Technical Articles
Events are the New Data
The Oxford Dictionary defines ‘Data’ as: “Facts … collected together”. In technical terms, ‘Data’ is more accurately: ‘Events folded together’ – ‘Folding’ being the merging of a particular Entity’s (State-changing) Events, in chronological order, to compute the latest Entity ‘State’.
Data – unlike Events – is an abstract notion. Whilst ‘Events’ represent actual changes to an Entity’s State (e.g. PurchaseOrderDeleted), ‘Data’ represents no more than the calculated State of a particular Entity, once all preceding Events have been folded together. At some point in history it was decided – owing to restrictive hardware costs at the time – that we could not possibly store all State-changing ‘Events’ in our Data-bases, but instead could store only ‘Data’: the ‘Folded State’ of each Entity (until such a time as even that was archived, owing to archaic hardware constraints).
The consequences of this historic Data-constraint are enormous. For one thing, it means that the Dimension of Time associated with all Events is thrown in the bin. For another, the intrinsic audit and logging potential of Events is also discarded. Finally, and perhaps more importantly given the exploding number of offline mobile use cases: the native ability of time-based Events to support OData Delta logic was completely lost (for which reason we scramble to reconstruct it post facto using complex mechanisms such as SAP’s Syclo Exchange Framework).
Whenever I hear such phrases as “Data is the New Oil”, it becomes clear that we remain trapped in our storage-constrained past, because what ought to be apparent, is that ‘Events are the New Data’. The very heavy investment of SAP in a new generation of ‘Column Store’ Data-base, is a mindless continuation of the same path first trodden in the 1960s; soon after our leap from tape to disk-based storage. Perhaps it is time for further reflection on this path?
Now that we have lost the shackles of our former storage constraints, we no longer have any logical, financial, or technical reason to be storing ‘Data’; we should instead be storing ‘Events’ which are, after all, the mother of all Data. Events should now all be persisted in today’s vast and cheap storage, and should only be folded into each Entity’s ‘Last State’ – In-Memory – after a certain delay (as proposed in my earlier Blog: How to build a ‘Rolling-Delta Database’ for Offline Mobile scenarios).
Using such a ‘Rolling-Delta’ mechanism would ensure that offline mobile scenarios could be fully managed In-Memory, whilst Events would nonetheless be folded as often as necessary in order to respect today’s physical Memory limits (cf. yesterday’s storage limits). Such an approach would add another dimension to our Analytical tools – and AI algorithms – by restoring the Dimension of Time to our persisted models. As such, what we should be discussing today is a next-generation, persistent ‘Event Store’ that completely replaces the Data-base, and an industry-standard In-Memory (Rolling-Delta) ‘Entity Store’, that correctly accounts for the fact that ‘Memory is the new Storage’.

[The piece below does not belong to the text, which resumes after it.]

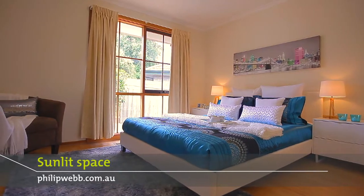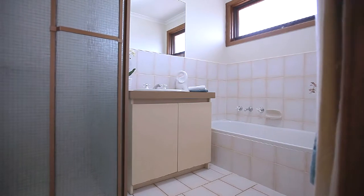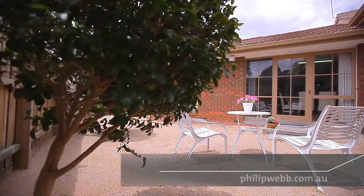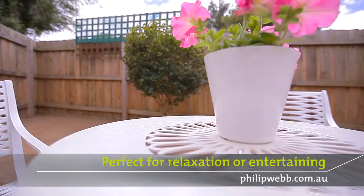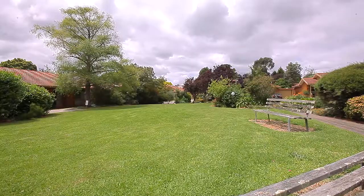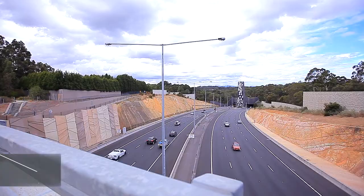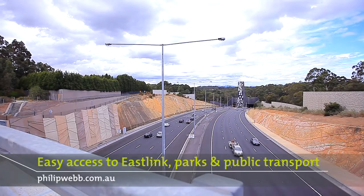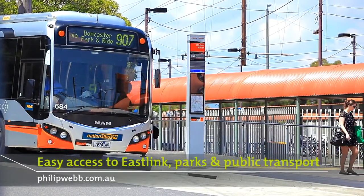Thank you for joining us. Thank you for having a look at the property with me. I look forward to meeting you at the next open for inspection.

‘Big Data’ can never represent any more than a subset of – Big – ‘Event Stores’, so let’s stop talking about Data (and Data Science, Data Architects, etc). Events are what matter, and today we have all we need to store and analyse them in real-time, whilst efficiently catering to the ever-growing demands of offline mobile applications; something we cannot properly support with 1960’s Data-based models (the very reason SAP dropped Client-Side Database ‘delta-tracking’ in SMP 3.0).
Interesting read. Have you looked at datomic from the clojure guys?

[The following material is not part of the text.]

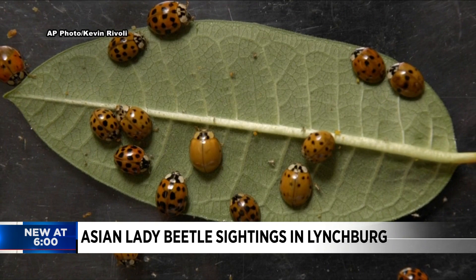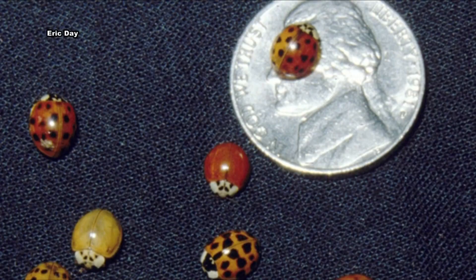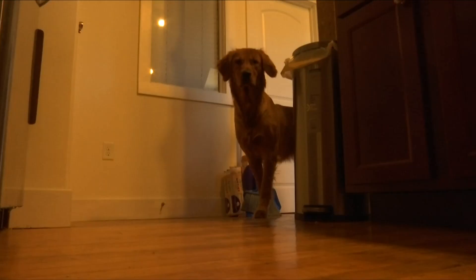These insects are not your usual spotted red ladybugs. They do become a nuisance when they come into people's houses. Eric Day is an entomologist at Virginia Tech and says they're a different species known as the Asian ladybeetle. They come in a variety of colors, including orange and yellow, and their spots range in size, but Day says they're not harmful to your family or pets.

Anyway, in Hana you have History Tables which I guess is an implementation of temporal logic of SQL 2011. Plus there are a slew of other ways / systems to deal with events, like Kafka. And in relational DBs / systems people have created plenty of workarounds to deal with time.
Cheers, Wout
Hello Wout, and thanks for the comments.
Kafka is something I wrote about in my Blog A harmonized API-Layer? We need a harmonized Entity-Layer!, but Kafka was never designed as a persistence layer in my humble opinion. Event Stores are split across partitions, meaning you need to use an API every single time to bring those events together before you can even fold them = goodbye performance (workaround: use max. 1 partition per Entity Type, but...).

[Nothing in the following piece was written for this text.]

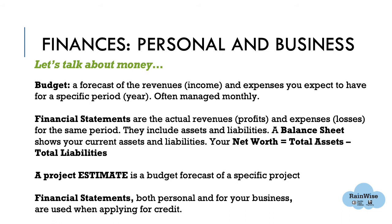Your net worth equals your total assets minus your total liabilities. On a smaller scale, a project estimate is a budget forecast for a specific project. Financial statements — both personal and for your business — are used when applying for credit. The difference between a budget and a financial statement is that one is a forecast, while the other reflects actual revenue and expenses. If you are a small business owner, it is good to have both personal and business financial statements available. Financial statements are usually updated annually so you can check your progress and take advantage of opportunities or address challenges.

There are of course also workarounds for relational DBs as you state (I provided one in How to build a ‘Rolling-Delta Database’ for Offline Mobile scenarios), but why settle for workarounds? Why depend upon a solution that was designed to meet the technical constraints of the 1960's? There are more than enough new solutions available to us today (many OpenSource) to completely rethink our 'data' solutions, and to -- natively -- add a new Dimension to our OLAP tools, so why stay trapped in the 60's when the solution is so straight-forward?